A group of doctors in Congress have recently sent a letter to the EPA questioning whether the agency’s plan to mandate the reduction of the current ozone standard from 75 ppb to between 65 and 70 ppb will be worth the expected expense. In the letter, the Congressional Reps noted weaknesses in the EPA’s assumptions, arguments, and research methodologies. For example,

  • There is no correlation between decreasing ozone levels and asthma rates.

    [A]ccording to EPA and the Centers for Disease Control and Prevention, asthma prevalence has increased by 15 percent since 2001, while ozone concentrations have decreased by 18 percent during the same time period.
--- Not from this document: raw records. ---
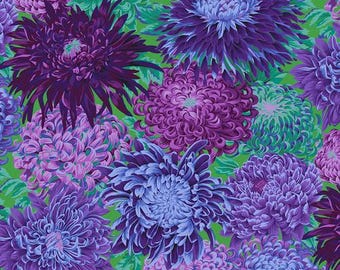 Kaffe Fassett Fabric, Quilting Cotton,  Japanese Chrysanthemum Purple , Colorful Florals, Fat Quarters, Half Yard or by the Yard, FreeSpirit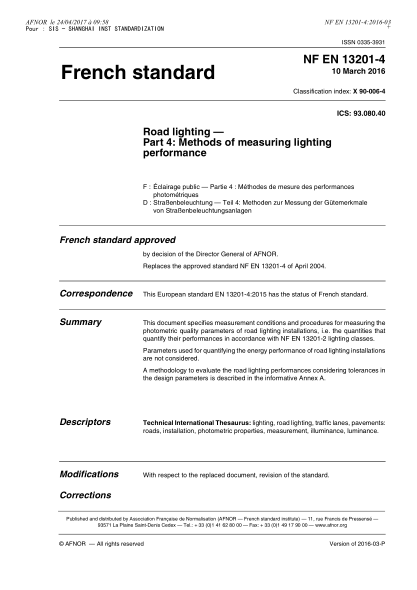 NF EN 13201-4-2016   Road lighting - Part 4 - methods of measuring lighting performance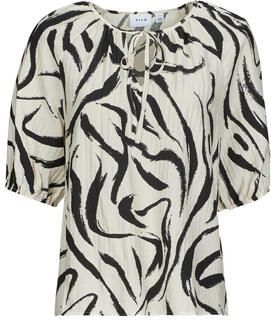 Vila Relaxed fit blouse met druppelvormige hals model 'CLO' - Foto 4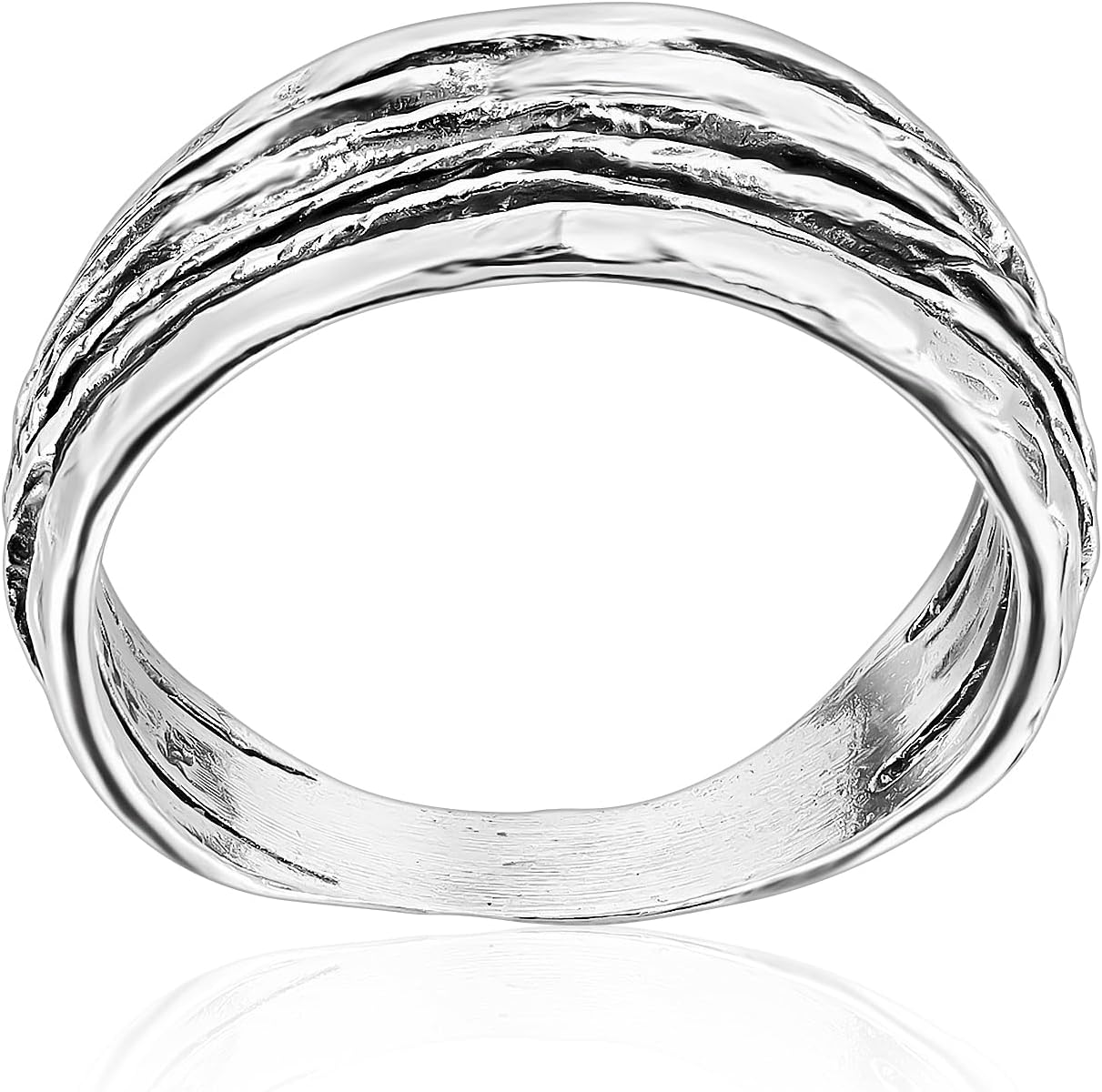 JEAN RACHEL JEWELRY 925 Sterling Silver Textured Wire Wrap Ring - Minimalist Multi-Strand Everyday Ring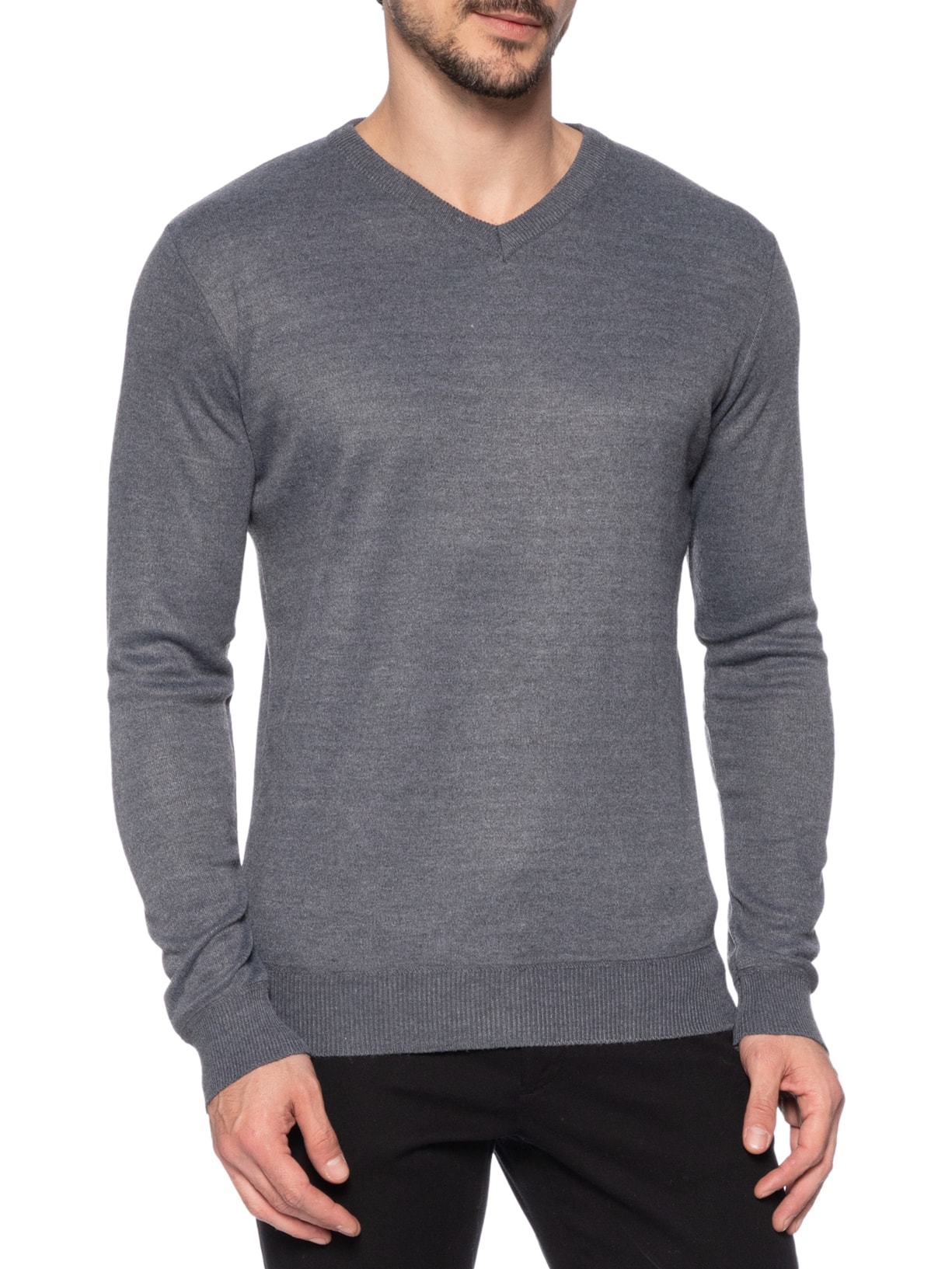 Suéter Masculino Tricot Básico Gola V Cinza '2 Essential
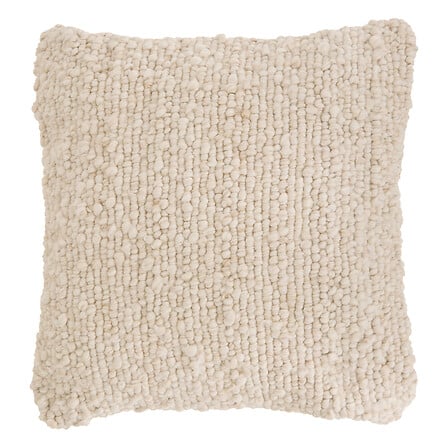 Coussin Volna beige écru en laine bouclée texturée, accessoire déco cosy pour salon ou chambre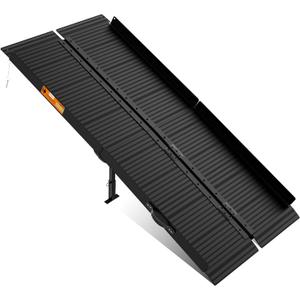 Black Aluminum Ramp 6FT with Sopport Legs, with Non-Slip Surface Wheelchair Ramp, Folding Portable Wheelchair Ramps for Home Steps,Scooter Ramp for Car, Stairs, Doorways, 800 LBS Weight Capacity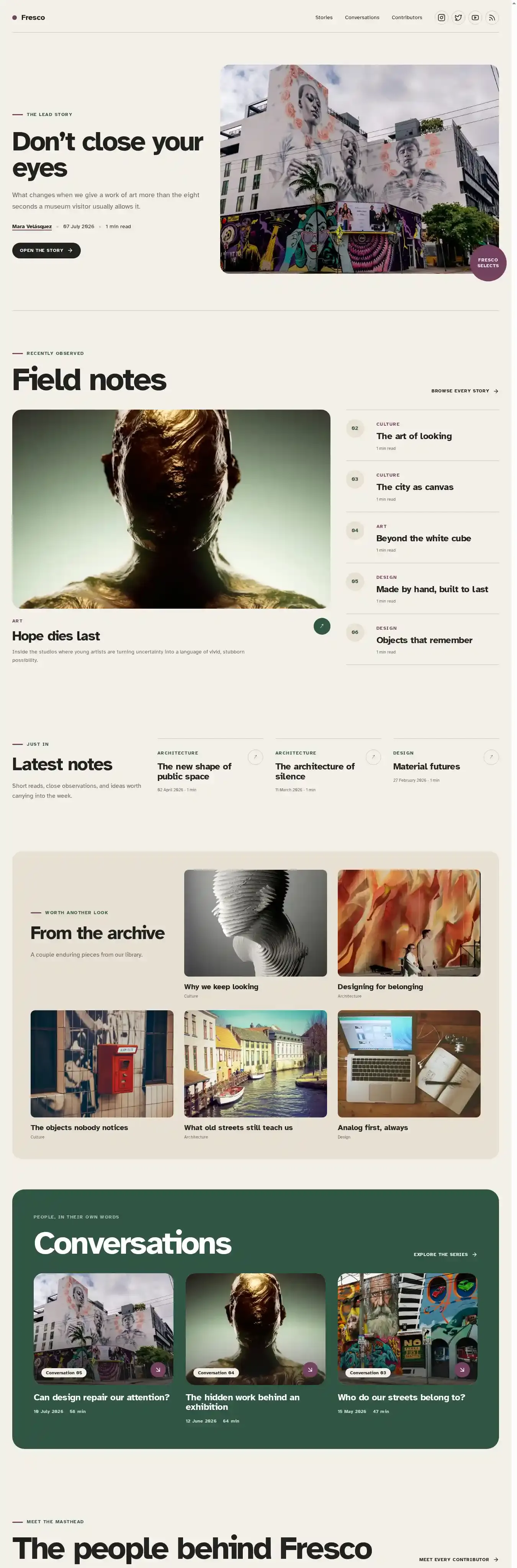 Fresco home page on desktop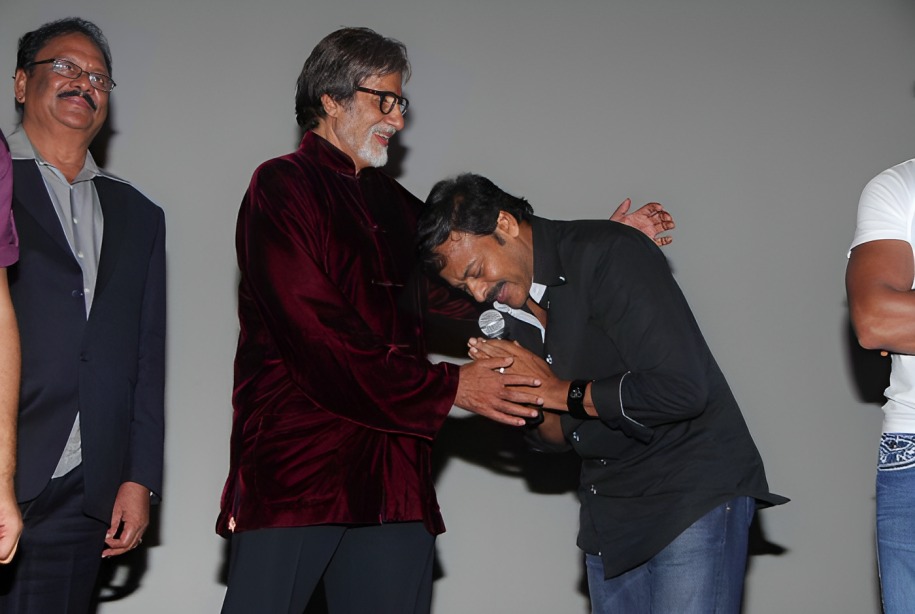 Amitabh Bachchan, Chiranjeevi, and Krishnamraju at an event for Bbuddah... Hoga Terra Baap (2011)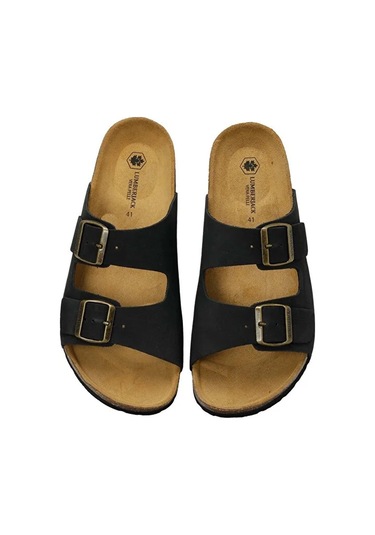 Lumberjack Mendy Lth 5fx Hakiki Deri Erkek Terlik Siyah Siyah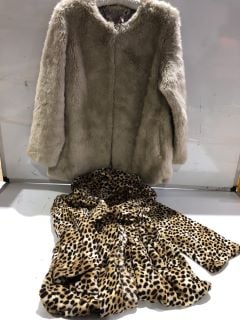 A BOX OF WOMEN'S CLOTHING TO INCLUDE NEXT LEOPARD PRINT DRESSING GOWN SIZE L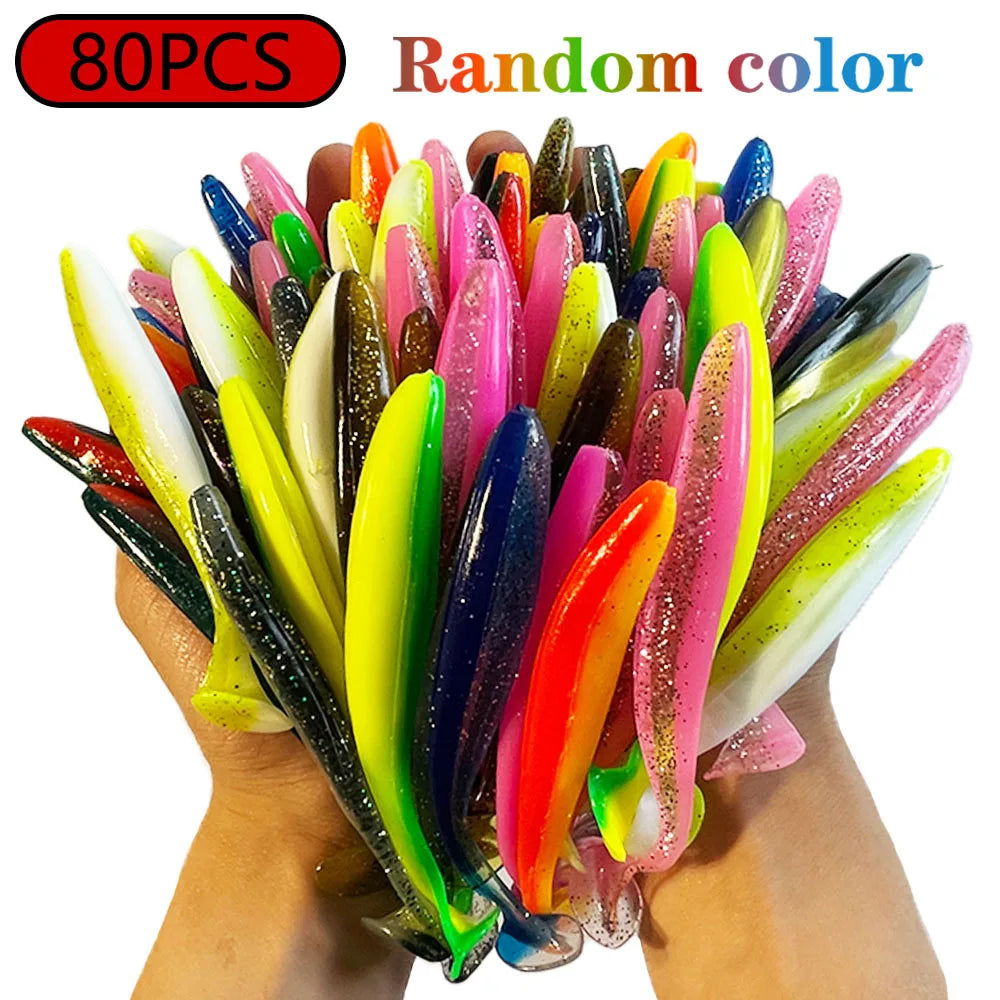 100pcs T-Tail Soft Bait Lure Kit Bobber Bargain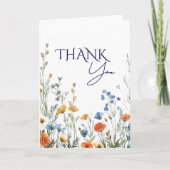 春の花ブルーレッドイエローサンキュー サンキューカード (正面)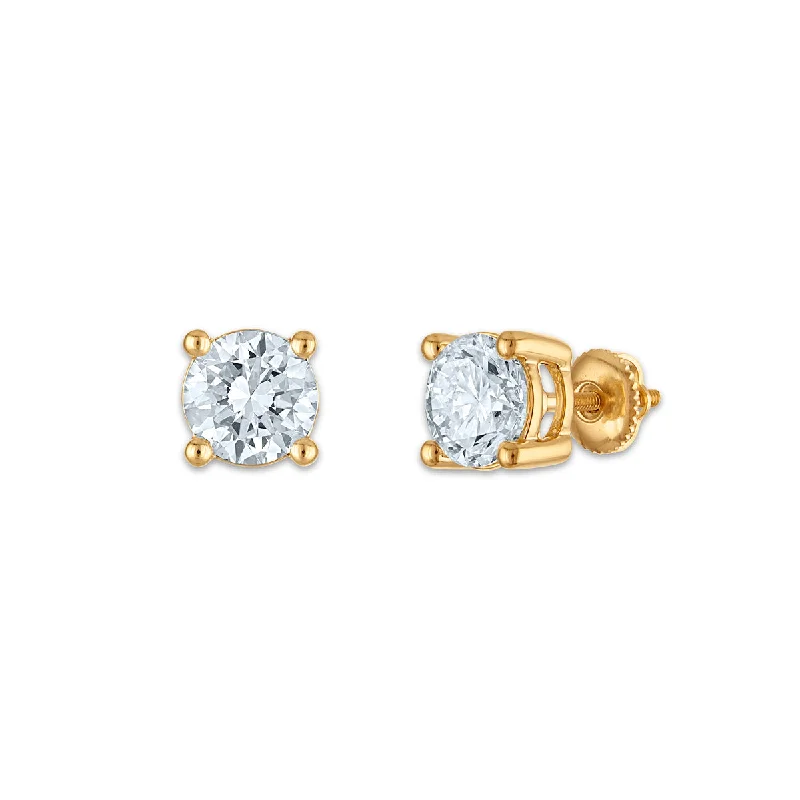 EcoLove 4 CTW Lab Grown Diamond Stud Earrings in 10KT Yellow Gold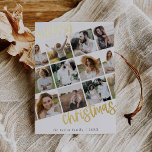 MARIAH Gold Folie Fun Multi Foto Kerst Folie Feestdagenkaart<br><div class="desc">MARIAH Gold Foil Fun Multi Photo Christmas Folie Holiday Kaart. Personaliseer de voorkant van de kaart met 10 foto's,  je familienaam en het jaar. Personaliseer de achterkant met een optionele vakantiebegroeting of familienieuws en uw familienaam.</div>
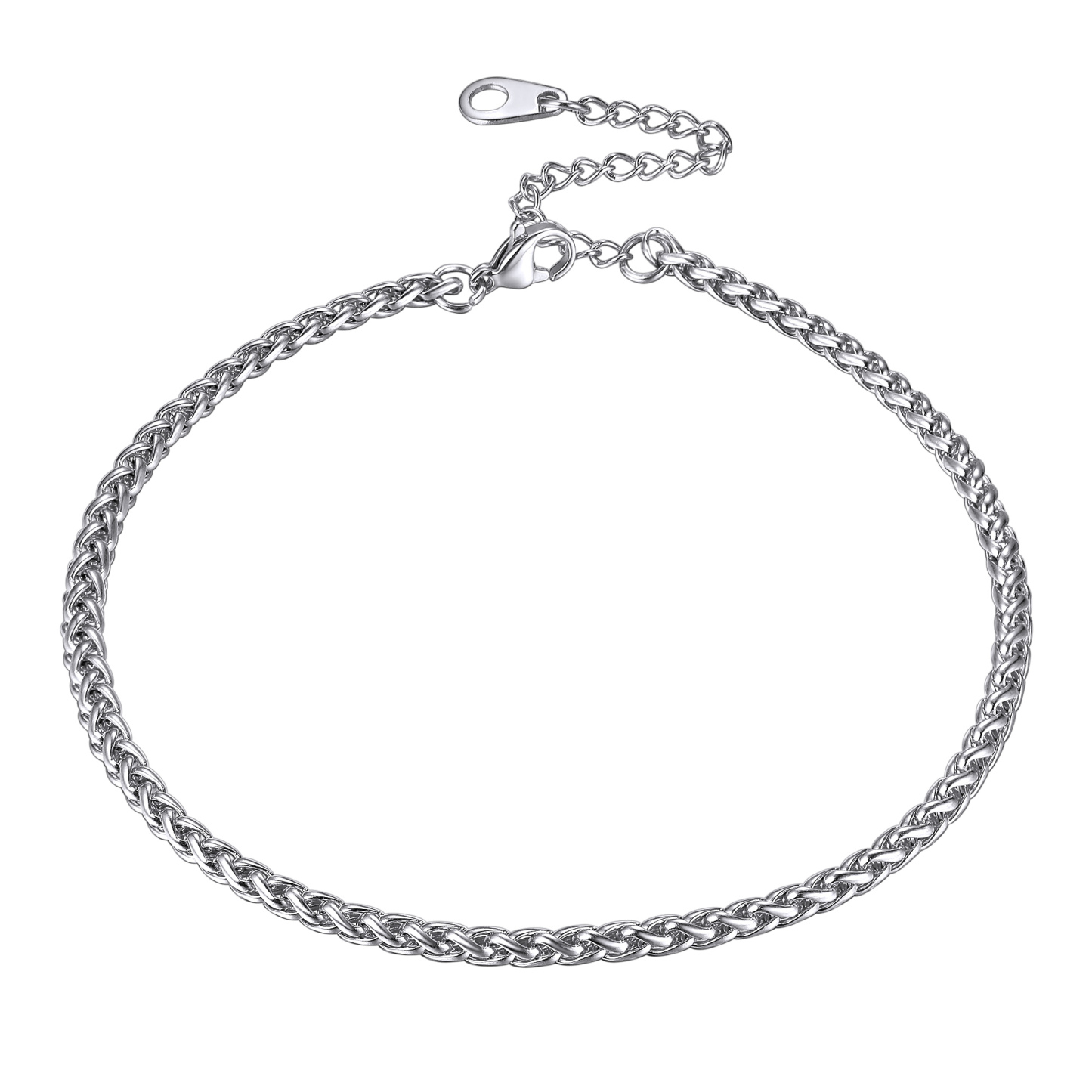 Wide Spiga Wheat Chain Anklet for Women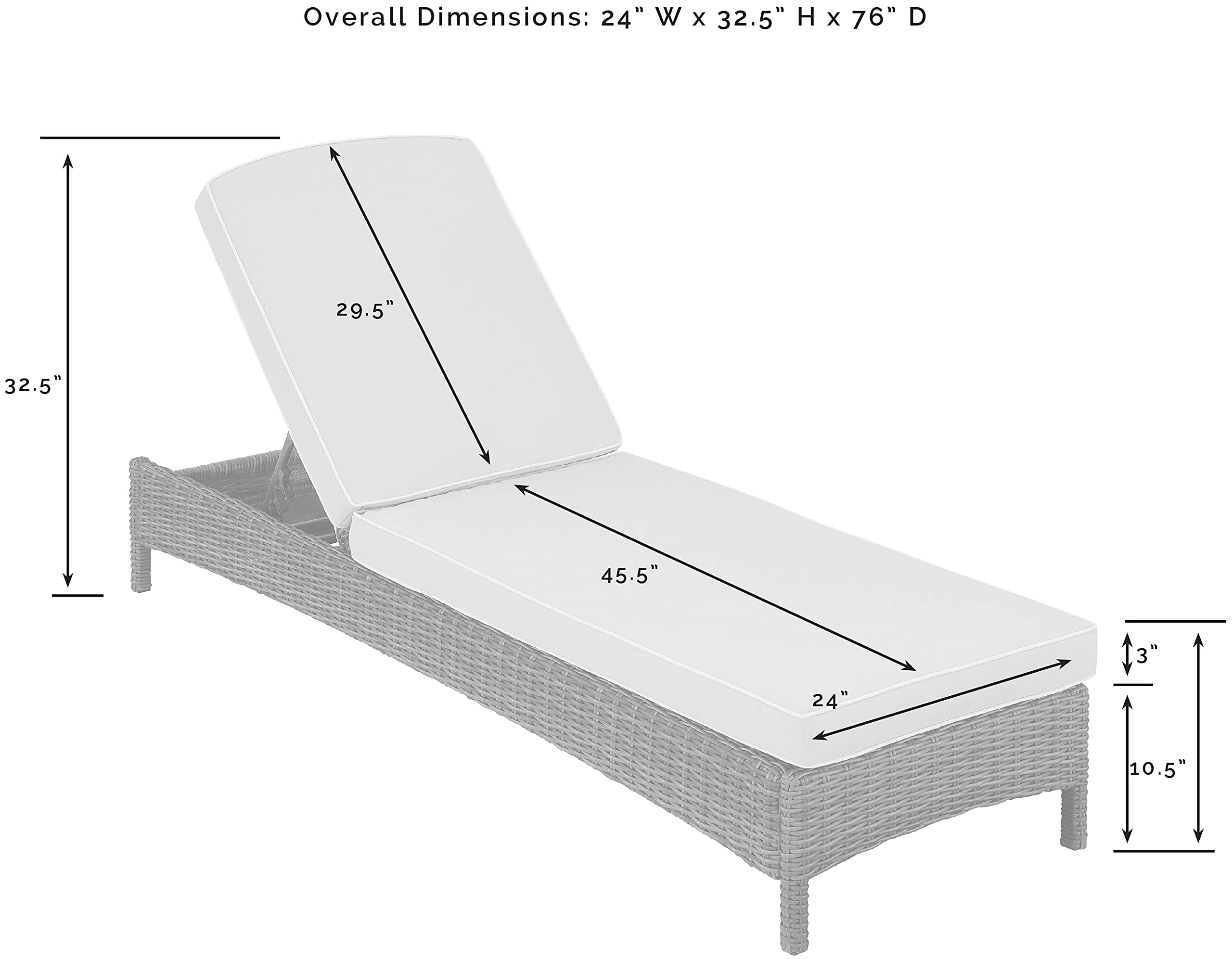 Crosley Bradenton Reclining Wicker Chaise Lounge Chair - Weather-Resistant Outdoor Furniture for Patio, Deck, Backyard & Poolside - Weathered Brown with Gray Cushions | Perfect for Sunbathing, Relaxing & Outdoor Lounging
  • The EPA studies used test groups that are too small to obtain accurate results, or results that can be reliably applied to the U.S. population
  • Some 430,000 comments received by the EPA demonstrate there is “no certainty” on the proposed rule
  • EPA already admits that ozone levels have decreased by one-third since 1980
  • A NERA research report on the proposed ozone regulation forecasts costs to the economy of $140 billion per year from 2017 to 2040.

Read the full letter and the US Chamber of Commerce post on this issue.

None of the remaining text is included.